Printed 3D Models Refinement

FlatPyramid » 3D News Blogs » Printed 3D Models Refinement

Printed 3D Models Refinement

One of the problems that all fans of FDM 3D printing is ribbing of external surfaces. Since the technology itself is based on the successive application of plastic layers, this effect can not be avoided. You can, of course, make it less visible by increasing the vertical resolution of the printer (ie, applying thinner layers), but you will not be able to completely get rid of the ribbing.

We are always searching for smoothing methods for the finished models. The emphasis was placed on two features of thermoplastics: the ability to melt under the influence of high temperatures and soften when contacted with the appropriate chemicals.

As a rule, heat treatment does not give good results – it is quite difficult to regulate surface heating, and this leads to a boil-up of plastic, subsidence or simply the emission of toxic fumes. Nevertheless, this method can be tried on monolithic models from PLA-plastic.

Chemical processing is more promising, but it also entails certain difficulties. In addition to technological problems, the problem of reagents is urgent – different plastics react with different solvents. If acetone perfectly dissolves ABS plastic, then it almost has no effect on PLA-plastic. With limonene, everything is exactly the opposite.

The main methods of chemical smoothing still revolve around ABS plastic because of its high popularity and low cost of suitable solvents.

A typical solvent for ABS plastic is acetone. Good dissolving power makes it possible to use it as an adhesive for component parts of ABS models, although usually a homemade mixture produced by dissolving in ABS acetone is used for this. The same glue (only a more dense consistency) is often used for repairing stratifications or cracks.

Along with increased aesthetics, an important factor in developing methods of smoothing is increased strength.

Manual processing

Makeraser is a combined tool, intended, among other things, for surface treatment of models

Not surprisingly, first 3D artists were armed with usual brushes with a natural nap (synthetics can dissolve) in attempts to smooth out their models. However, processing with a brush is a time-consuming task, and even requiring a certain skill. After all, softened plastic is easily deformed by the brush itself, that is, the hairs will leave a trace on the plastic, which may not even level before the acetone evaporates.

An attempt to create a special tool for manual processing became a device called Makeraser. In fact, this is a simple felt pen with acetone filled tank or glue, and it has integrated scraper for removing models from the platform. From a practical point of view, this tool is better suited for bonding model parts or applying ABS/acetone glue on the work table usually just before the printing to combat the twisting of the lower layers.

Dipping into Acetone

A more promising and simplest method is immersion in acetone. Diving the ABS plastic model into the undiluted acetone for about 10 seconds is sufficient method to dissolve the outer layer of the model. The time may vary depending on the quality of the original model and from the acetone concentration. Since the sale of pure acetone may be regulated, it is possible to use a technical solvent.
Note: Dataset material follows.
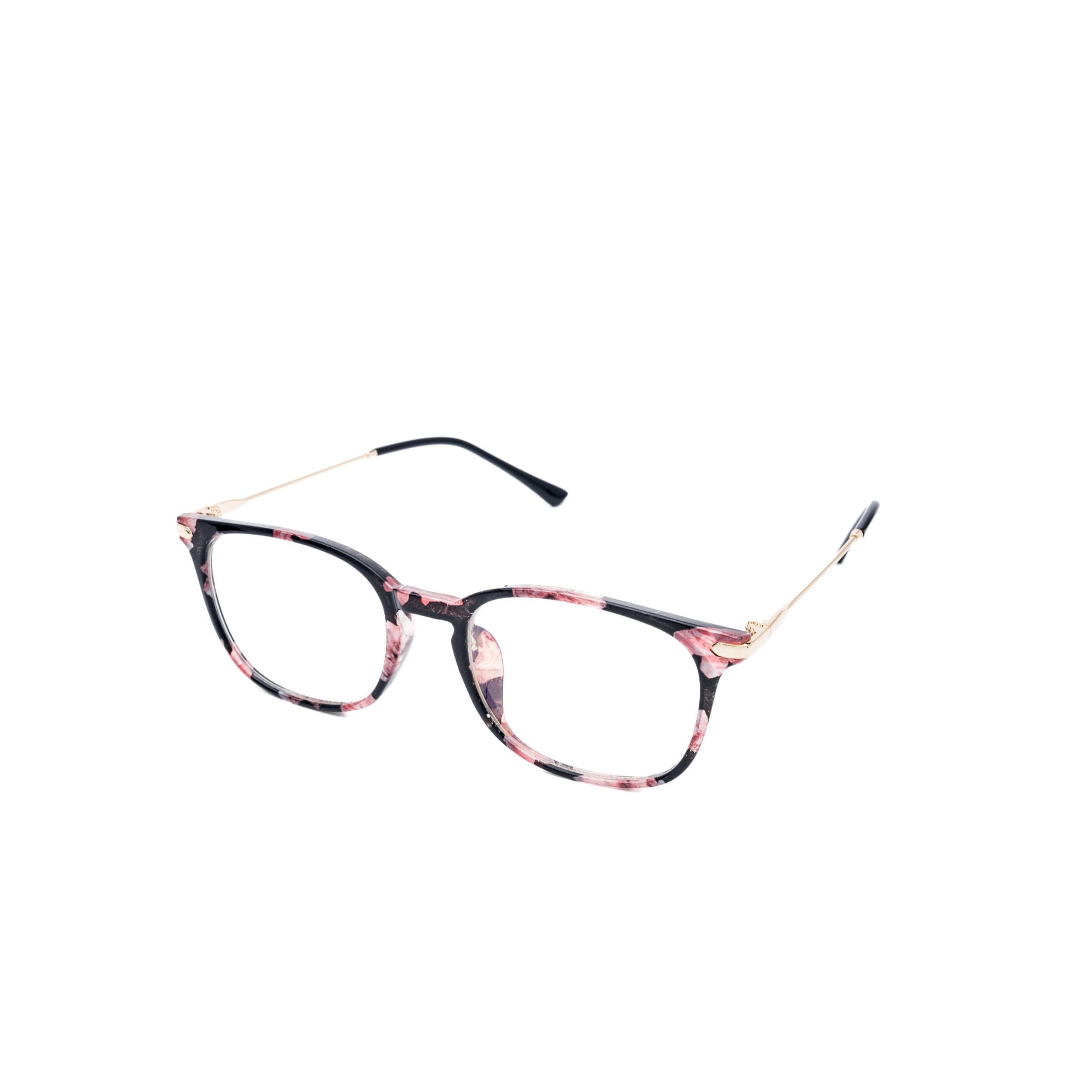 LadyBoss Classics eyeglasses in Floral, angled view #frame color_floral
After aging, the model must be kept on fresh air until the acetone evaporates. The process can take about half an hour.

Although this method is fast enough, it is difficult to regulate the process. If the exposure is excessive, the model will simply begin to dissolve, rapidly losing small details. In addition, it can lead to the of stains on subsequent models dipped in the same acetone.

A more controlled process is the treatment with acetone vapor.
Perhaps, the most effective method of obtaining models from ABS-plastic with a glossy surface. This method requires placing the model in a container with a small amount of acetone at the bottom. The model itself should not come in contact with acetone, so the model should be mounted on a platform, or suspended from the surface of the solvent. When installing on a platform, the properties of the stand material should be taken into account. Wood is a bad choice for this task.
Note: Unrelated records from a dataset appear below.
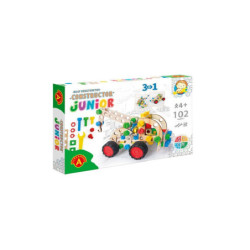 Mały konstruktor Junior 3x1 PullTruck 25880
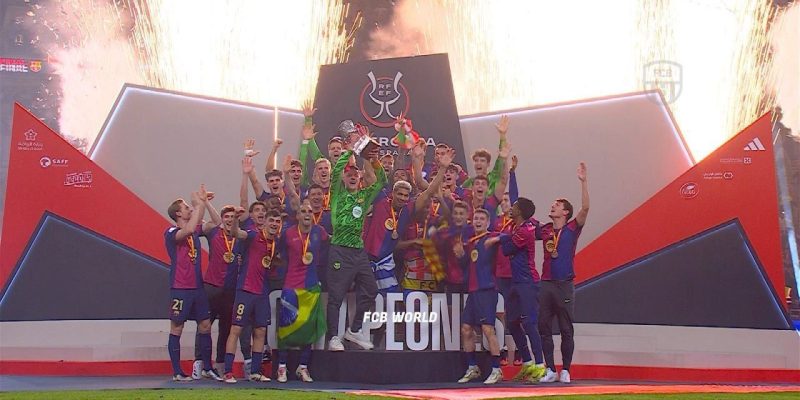 بعشرة لاعبين.. برشلونة يذل ريال مدريد بخماسية ويتوج بكأس السوبر الإسباني الخامس عشر في تاريخه..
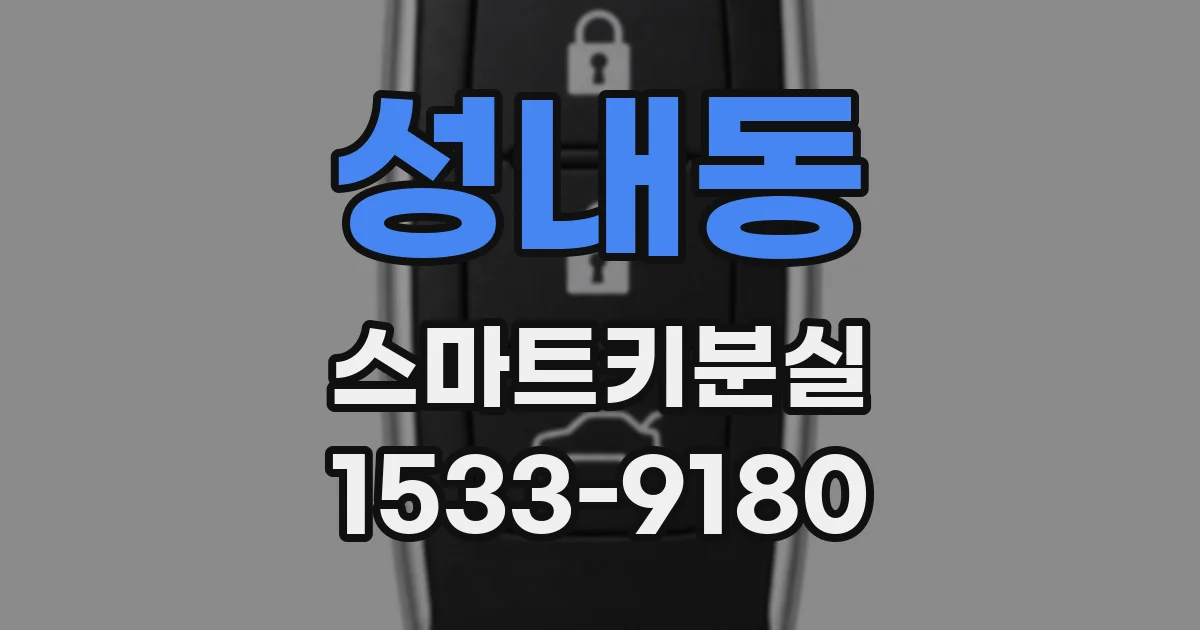 성내동 스마트키분실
Perhaps, the most effective method of obtaining models from ABS-plastic with a glossy surface. This method requires placing the model in a container with a small amount of acetone at the bottom. The model itself should not come in contact with acetone, so the model should be mounted on a platform, or suspended from the surface of the solvent. When installed on a platform, the properties of the material should be taken into account. Wood is poorly suited for this task due to porosity: the bottom surface of the model is glued to the wood, and it will be difficult to separate it. The best option is to use a metal stand.
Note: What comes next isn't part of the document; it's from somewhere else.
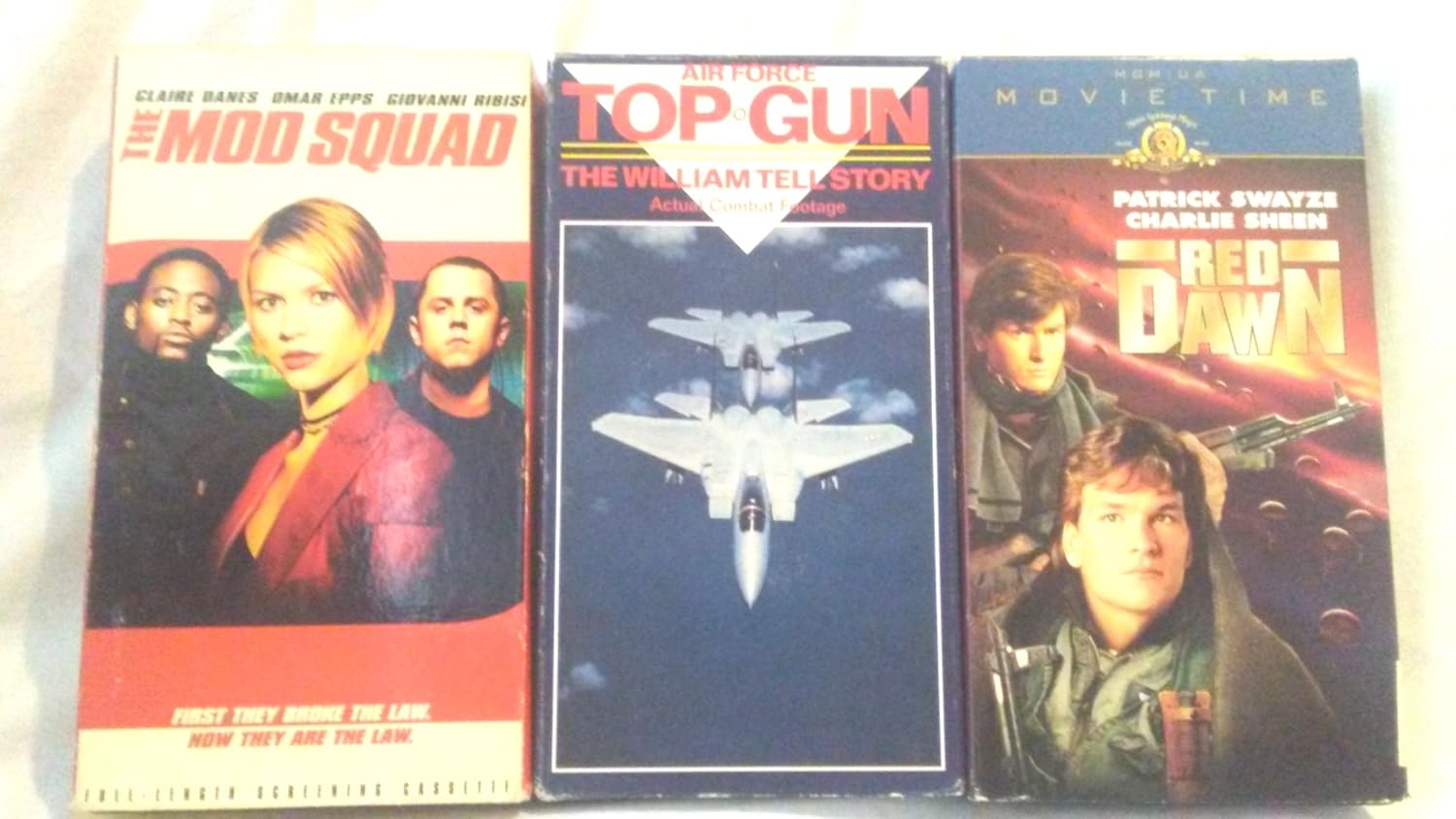 Amazoncom Lot Of 3 Action Movies Vhs Red Dawn Vhs The Mod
It is advisable not to use wood as a platform

After placing the model, the container must be heated to raise the temperature of acetone. Acetone evaporates slowly. It should be borne in mind that boiling of acetone is not recommended, as this will contribute to the accumulation of condensate on the model and it is not good.

The time varies depending on the temperature of the acetone. Thus, boiling can last only a few seconds, while experiments with a medium temperature require up to 40 minutes of aging. Fortunately, using a transparent container, you can determine the readiness of the model “by eye”.

As with dipping, the model must be ventilated before solidifying the outer surface, avoiding unnecessary physical contact.

The thickness of the walls of the models should be taken into account. The shell must be thick enough to withstand the imminent loss of the outer layer.